Only the lines below from the one that holds "Сірий Тесла Model" through the one that holds "soccer ball - internationaal" should appear in the answer, copied exactly, end lines included and pictures omitted.

* _SUPPLIED INFORMATION_:
=-=-=-=-=

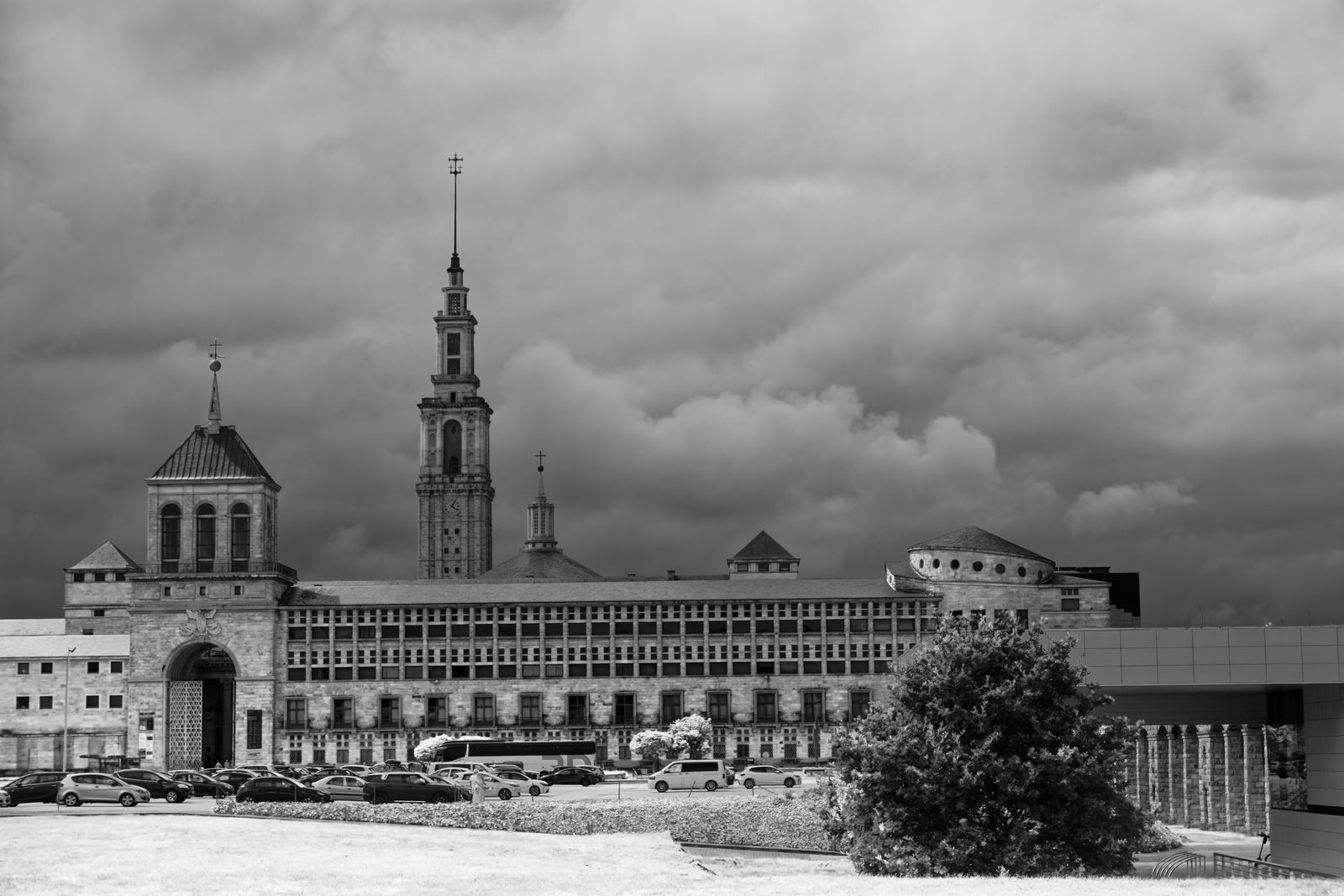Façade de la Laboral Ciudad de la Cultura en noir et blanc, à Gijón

=-=-=-=-=

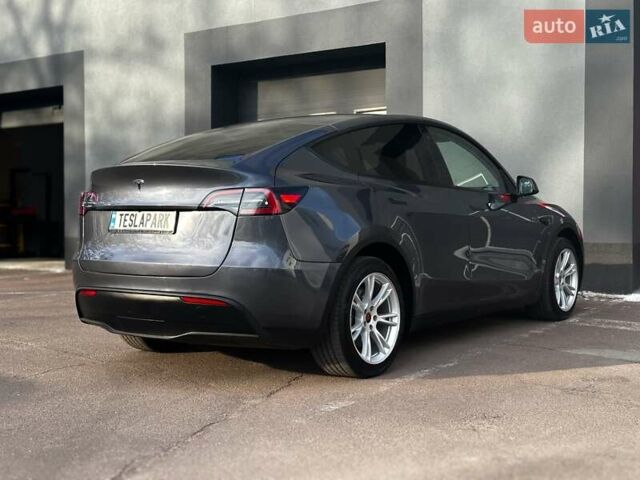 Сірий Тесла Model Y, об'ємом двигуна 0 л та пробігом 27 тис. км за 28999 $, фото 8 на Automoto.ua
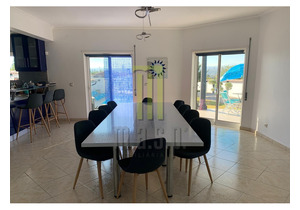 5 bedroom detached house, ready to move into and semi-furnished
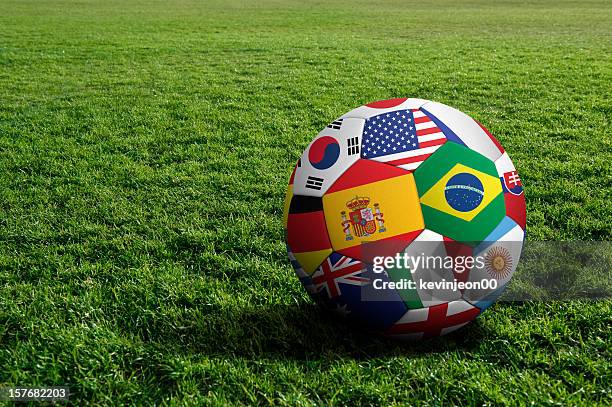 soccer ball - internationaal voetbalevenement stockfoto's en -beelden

=-=-=-=-=

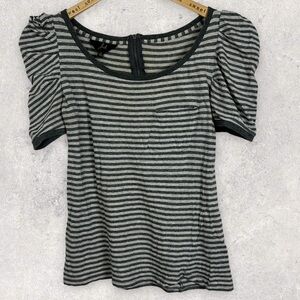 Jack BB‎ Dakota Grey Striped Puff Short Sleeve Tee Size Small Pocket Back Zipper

=-=-=-=-=

* _ANSWER SECTION_:
 Сірий Тесла Model Y, об'ємом двигуна 0 л та пробігом 27 тис. км за 28999 $, фото 8 на Automoto.ua
 5 bedroom detached house, ready to move into and semi-furnished
 soccer ball - internationaal voetbalevenement stockfoto's en -beelden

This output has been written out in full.